Even at a sample size of 30 the histograms do not present a clear story but the QQ-plots are suggestive that something is happening with the data and that it might not be normally distributed.

At the large sample size of 500 the histograms are fairly clear that there is a long tail to the right and the data is clearly not symmetrical. The QQ-plots also show a clear U-shaped curve indicating skewed data.

Conclusions

None of the simulations actually tests what we want to know. Can the tests distinguish between cases or normal and not normal data. The issue is that the null hypothesis is simple but the alternative includes all of the possible distributions or degrees of skew and kurtosis that might occur. That is a more complex set of simulations.
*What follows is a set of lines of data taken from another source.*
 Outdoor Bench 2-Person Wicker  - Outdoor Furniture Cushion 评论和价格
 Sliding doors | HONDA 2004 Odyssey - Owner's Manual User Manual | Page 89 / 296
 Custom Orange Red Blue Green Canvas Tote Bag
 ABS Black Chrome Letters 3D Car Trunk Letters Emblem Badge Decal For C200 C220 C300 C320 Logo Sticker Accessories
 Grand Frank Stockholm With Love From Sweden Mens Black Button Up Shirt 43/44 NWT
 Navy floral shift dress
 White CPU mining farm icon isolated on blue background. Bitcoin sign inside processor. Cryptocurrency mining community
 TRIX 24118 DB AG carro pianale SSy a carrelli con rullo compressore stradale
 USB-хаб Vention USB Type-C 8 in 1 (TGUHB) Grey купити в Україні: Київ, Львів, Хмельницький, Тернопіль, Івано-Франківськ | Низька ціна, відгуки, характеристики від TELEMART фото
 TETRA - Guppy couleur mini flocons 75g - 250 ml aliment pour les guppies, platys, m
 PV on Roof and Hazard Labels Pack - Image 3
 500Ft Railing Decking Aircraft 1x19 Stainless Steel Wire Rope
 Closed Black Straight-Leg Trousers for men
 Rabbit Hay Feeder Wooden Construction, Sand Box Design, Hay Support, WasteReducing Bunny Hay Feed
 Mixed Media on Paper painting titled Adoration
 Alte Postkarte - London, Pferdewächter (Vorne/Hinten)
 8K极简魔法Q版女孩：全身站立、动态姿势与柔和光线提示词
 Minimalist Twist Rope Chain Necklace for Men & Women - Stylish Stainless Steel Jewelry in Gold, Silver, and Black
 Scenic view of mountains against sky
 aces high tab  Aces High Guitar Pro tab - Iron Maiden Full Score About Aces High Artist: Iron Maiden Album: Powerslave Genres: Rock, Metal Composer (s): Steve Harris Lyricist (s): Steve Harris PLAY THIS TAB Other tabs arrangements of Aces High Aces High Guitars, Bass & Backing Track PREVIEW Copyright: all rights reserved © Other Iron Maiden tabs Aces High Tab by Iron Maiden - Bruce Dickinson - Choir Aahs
But it would be possible to generate data from a wide range of skew values sampled on a uniform distribution and then to see how often the tests correctly identify normal and skewed data as normal and not-normal.

Where we should go to know is that:

  • Using tests of normality automatically should be discouraged.

  • When peer reviewing papers for statistical validity we should not reject them based on not having/presenting a test of normality.

    • By default with small samples we should assume normality and parametric tests.

    • There should be an evaluation of the sensitivity of the results to the assumption of normality.

  • The case of normality tests is just one example of the limits of null hypothesis significance testing and we should consider alternative frameworks where testing for normality is not a requirement.